What was the problem?   i was not there but most comments to date have been positive so just curious.   What are you comparing to?

It never surprises me that different people come away with totally different impressions of the same thing.    Happens every day.
@mapman you're right.  So far, I've read nothing but praise for the room.

During the time I spent at the show, playing the material they did, at the volumes they did, the Ohm room won my title for worst sound of the show.  And the distance between that and second place is more than I can put into words.  I even visited again after a while just to see if anything had changed.  Often, as in the Audio Note room, among others, you catch them at a bad moment, and one that doesn't properly convey the capability of a component.  I feel such a situation deserves a second listen.  As stated, I hope this sound represented some sort of anomaly, as no one could consider that high fidelity, or so I hope.

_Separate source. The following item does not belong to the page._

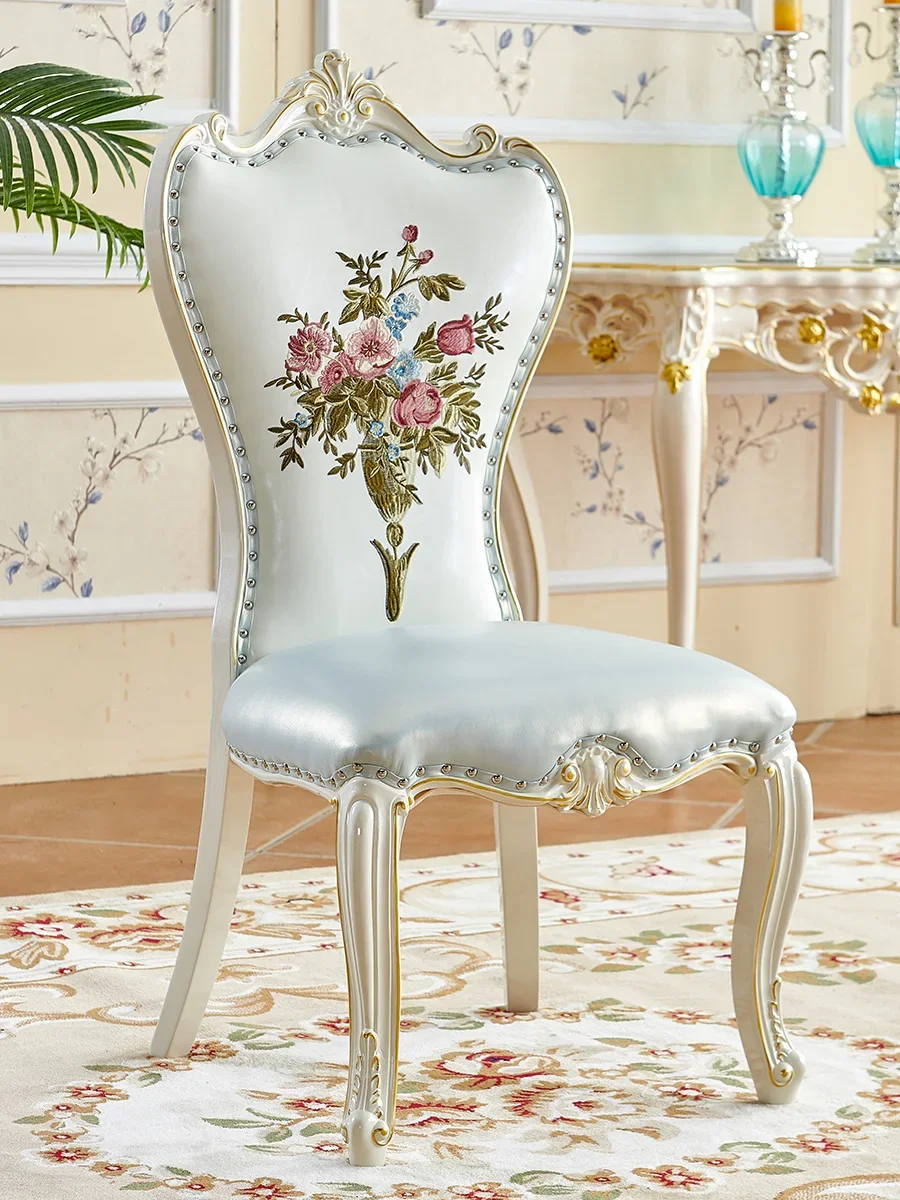 Avrupa sandalye basit Avrupa beyaz restoran katı ahşap döşemeli yemek sandalyesi Amerikan tam katı ahşap oyma çiçek boya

Both times I listened, the Ohm speakers played at a (not all that high) volume that completely overwhelmed the drivers.  The best description I can use is how a television or clock radio sounds when my family turns it way up so they can listen 3 rooms away.  Distortion attained a level I've not heard in a high-end audio loudspeaker in a very, very long time at those volumes.  Within that, low frequency extension didn't seem a heck of a lot better than the aforementioned non-audiophile implementations.  This coming from someone who's familiar with a properly set up pair of Ohm A that seem to go all the way down to DC.

What am I comparing it to?  Just 40+ years of hearing countless audio components in a variety of settings.  If that wasn't what you were asking, could you rephrase the question, please?